* Work instruction:
Exclude the pictures, then repeat the remaining data exactly.

* Available data:
════════════════

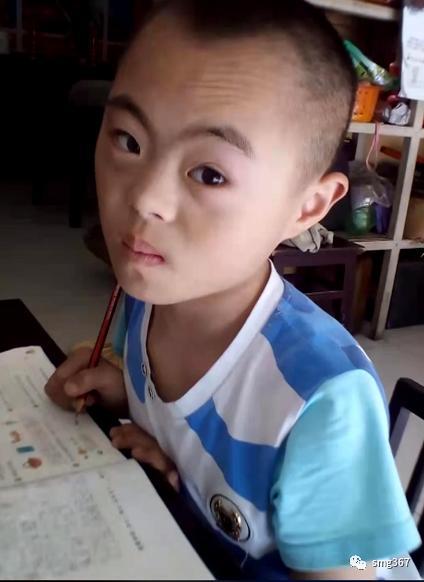 来自安徽金寨的杨杨是个唐氏综合征宝宝染色体异常导致他的智力发展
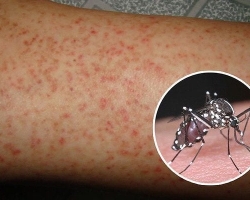 Những điều cần biết về bệnh Sốt xuất huyết các biện pháp phòng bệnh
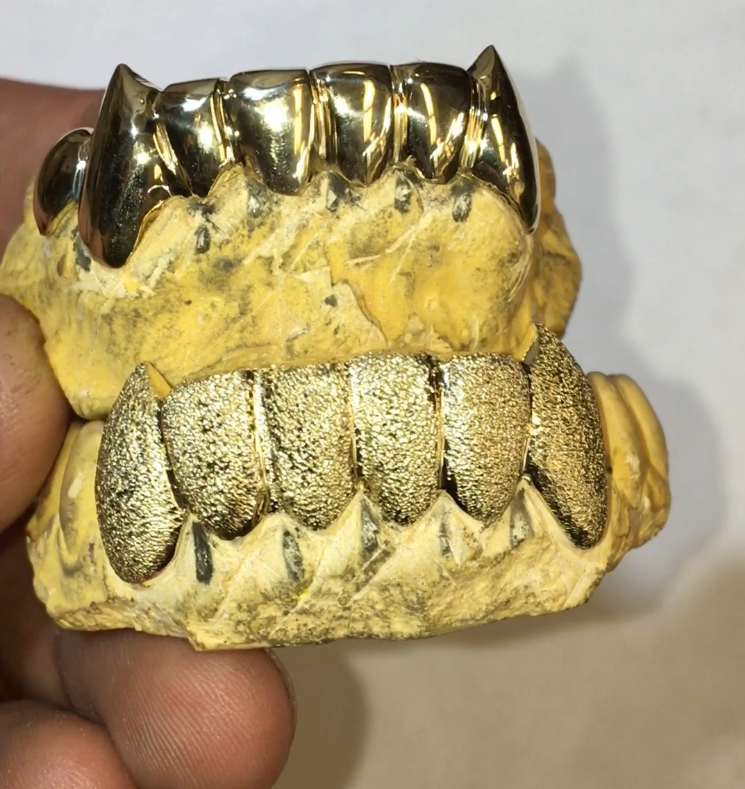 Two bottom teeth styles of grillz; top is clean gold and the bottom is diamond dust.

════════════════

* Response to the exercise:
 来自安徽金寨的杨杨是个唐氏综合征宝宝染色体异常导致他的智力发展
 Những điều cần biết về bệnh Sốt xuất huyết các biện pháp phòng bệnh
 Two bottom teeth styles of grillz; top is clean gold and the bottom is diamond dust.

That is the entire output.